About our Sun

Since the last quarter moon is on June 21, and the new moon is on June 29, if you want to stay up late, this will be a good time to look at the night sky. Since the dark night is going to be short for the next month, I thought I'd tell you about our universe. Today I will give you some interesting information about our Sun.

Our Sun is a local star that's relatively close to us. It's a 4.6-billion-year-old medium size yellow star and is obviously the largest object in our solar system. There is some interesting information about it. To start, it takes 25 to 29 days to make a rotation with an average of 27 days.

It's an incandescent ball of hot plasma (ionized gas) with 750 times the mass of all our planets.
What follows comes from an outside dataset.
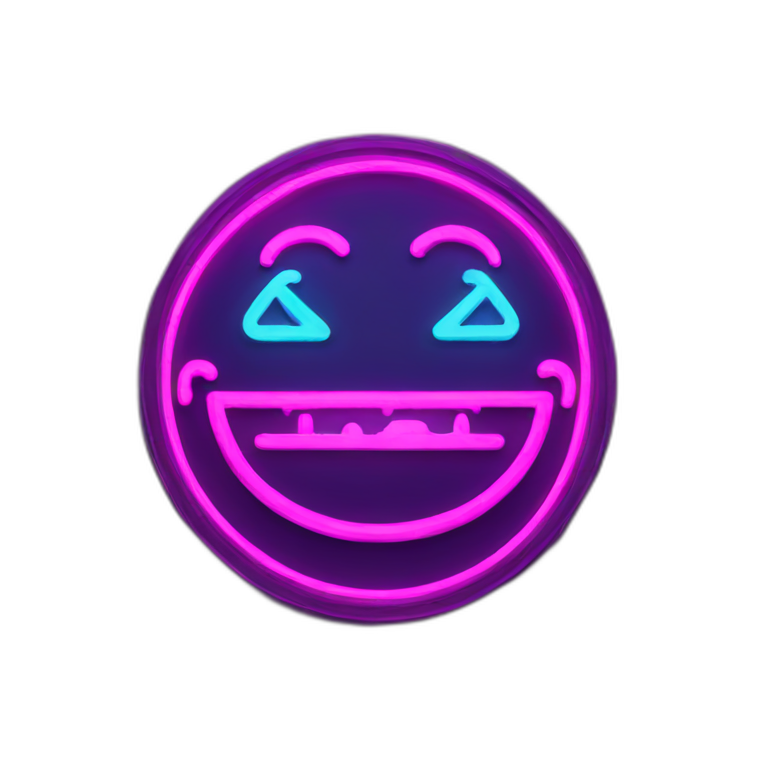 Neon sign emoji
The core temperature is 28.3 million degrees Fahrenheit and has nuclear fusion reactions that produce helium from hydrogen. It generates huge amounts of energy that escape from the Sun as heat, light, and other types of radiation including x-rays, UV radiation and radio waves.

There is a specific light-emitting layer called the photosphere, which is tens to hundreds of miles thick. It also emits solar wind which is a stream of charged particles. After 5 billion years, it will swell into a red giant and destroy the inner planets including Earth.

The photosphere is its visible surface with a temperature of 9,570 degrees F. Beneath that is the convection zone where hot gas bubbles rise to the surface, cool, and then sink back down. The next layer down is the radioactive zone where energy is radiated from the core to the convection zone. The core makes up 2% of the Sun's volume and about 60% of its mass.

The atmosphere has three layers. Just above the brilliant photosphere lies the chromosphere which is about 1,200 miles deep. Above that is a thin irregular layer called the transition region where the temperature rises from 36,000 degrees F to 1.8 million degrees F. The outer layer is the corona which is a million times less dense than the photosphere and extends for millions of miles into space.

During a solar eclipse, the corona appears as a halo around the Sun. It looks like a hazy red-orange area above the Sun. The corona is so hot that some of its particles have enough energy to escape from the Sun's gravity and stream into space. This is called solar wind.

Sometimes they come to Earth at 1 million mph and collide with atoms to create an Aurora. In our Northern Hemisphere, it's called Northern Lights or Aurora Borealis. It's most often seen 10-20 degrees from the North Pole, but occasionally it can move this far south. But in all my life, I've never seen one. Please remember that you can't observe the Sun without using a special solar filter to protect your eyes.